These chewy Paleo Pumpkin Snickerdoodles couldn’t be easier to make! Perfect for the holidays or anytime you crave a sweet, soft, pumpkin spiced cinnamon sugar cookie. Grain free, gluten free, dairy free, Paleo.
When it comes to baking, cookies are my absolute favorite!
From classic chocolate chip cookies to sugar cookies, to oatmeal raisins cookies, whoopie pies and creme pies, and copycat Oreos, cookies are simply the best.
Today I have a treat for you that’s perfect for fall and winter holidays, and really anytime of course!
Pumpkin snickerdoodles have the cinnamon sugar flavor of traditional snickerdoodles with a softer texture from the pumpkin.
Plus extra pumpkin spice flavor, of course! Let’s get into the details so you can make them ASAP!
What You Need to Make These Paleo Pumpkin Snickerdoodles
With good for you ingredients like pureed pumpkin, eggs and almond flour, these cookies are both delicious and healthy.

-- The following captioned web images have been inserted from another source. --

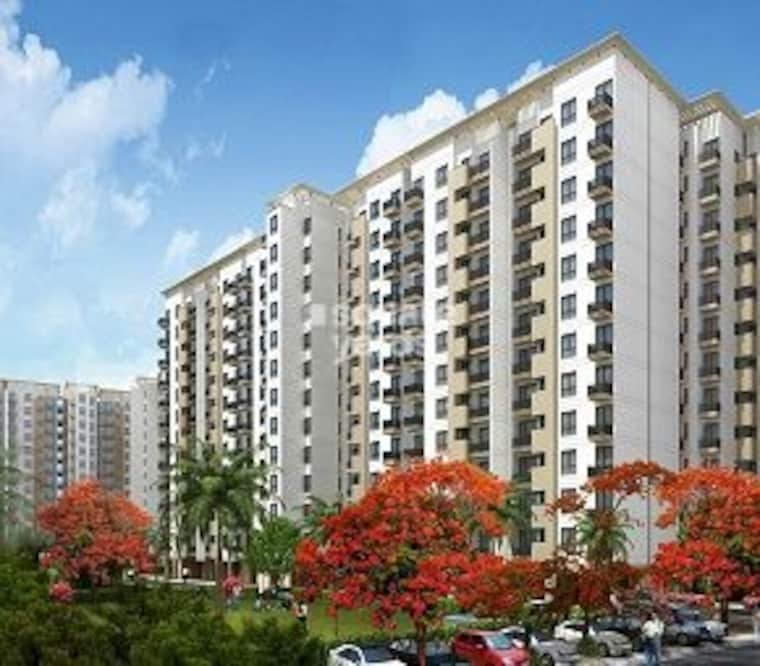 Exterior View, dlf-maiden-heights-phase-ii 2 Bedroom 970 Sq.Ft. Apartment In Jigani Bangalore 9711509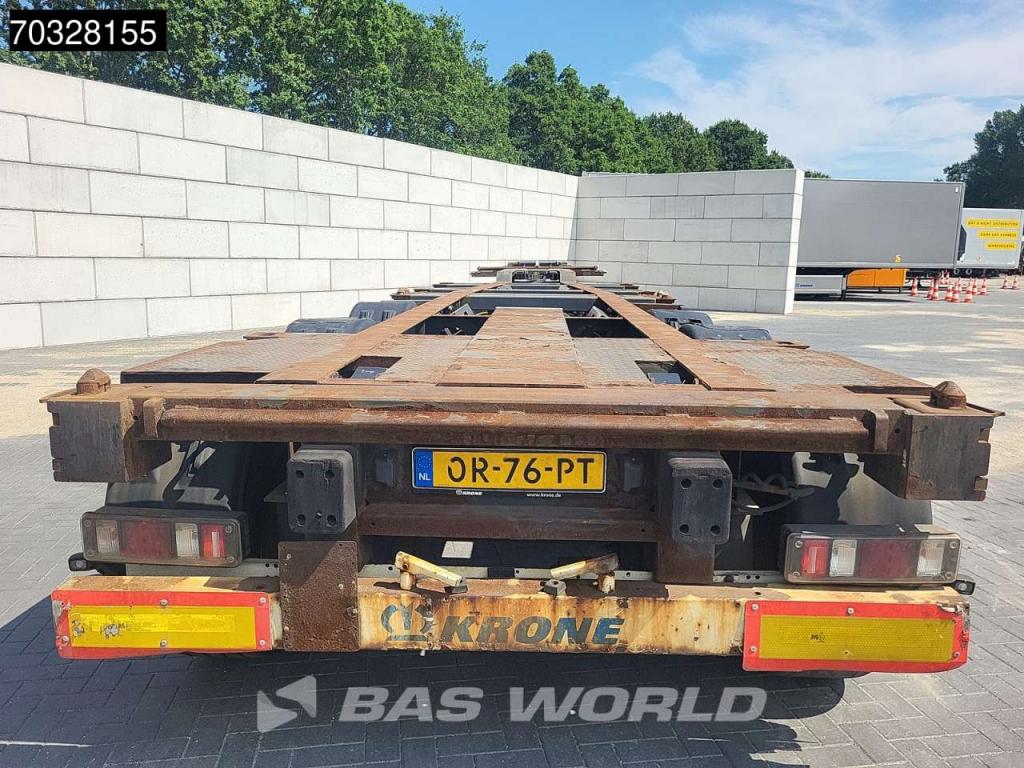 Krone SD 3 axles Multi 45ft Foto 10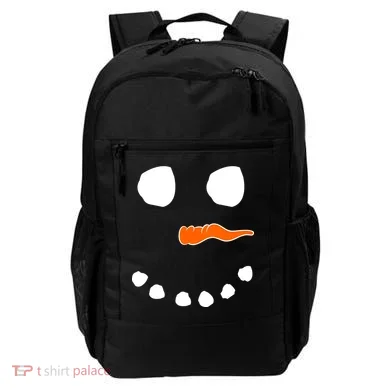 Snowman Big Face Backpack
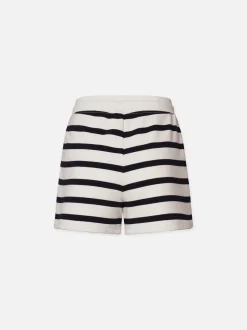 Varsity Short in Navy Multi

Here’s everything you’ll need to make these pumpkin snickerdoodles:
- egg
- maple sugar, or coconut sugar
- ghee, or coconut oil, melted
- pumpkin puree
- pure vanilla extract
- blanched almond flour
- tapioca flour, or arrowroot
- fine sea salt
- aluminum free baking powder
- ground cinnamon
- pumpkin pie spice
How to Make Paleo Pumpkin Snickerdoodles
In a large bowl, whisk together the egg, sugar and ghee (or coconut oil) until smooth, then add the pumpkin puree and vanilla and whisk well.
To the same large bowl, add the almond flour, tapioca, salt and baking powder plus the spices and mix well to form a dough.
Chill the dough in the refrigerator for 20-30 minutes. Preheat your oven to 350°F and line 2 large baking sheets with parchment paper.
While the oven preheats, in a medium bowl mix together the maple sugar and cinnamon for the cinnamon sugar coating.
After the cookie dough is firm enough to roll, roll the dough into small balls about 1 1/2 tablespoons each and gently coat each one in the cinnamon sugar mixture.
Once all the dough is used up, flatten each one with your palm to about 1/2” thickness.
Bake one batch at a time in the preheated oven for 10-11 minutes or until set. Cool on the baking sheet for at least 5 minutes, then carefully transfer to wire racks to fully cool.
Storing Pumpkin Snickerdoodles
These cookies will soften when in a sealed container, and become more chewy when they’re loosely covered.
They do not need refrigeration – room temperature works best.
You can also wrap freeze these snickerdoodles to keep them for longer. Simply thaw in the refrigerator and then keep at room temperature to serve.
I hope you love these pumpkin snickerdoodles as much as I do! Grab your ingredients because it’s time to bake – let’s go!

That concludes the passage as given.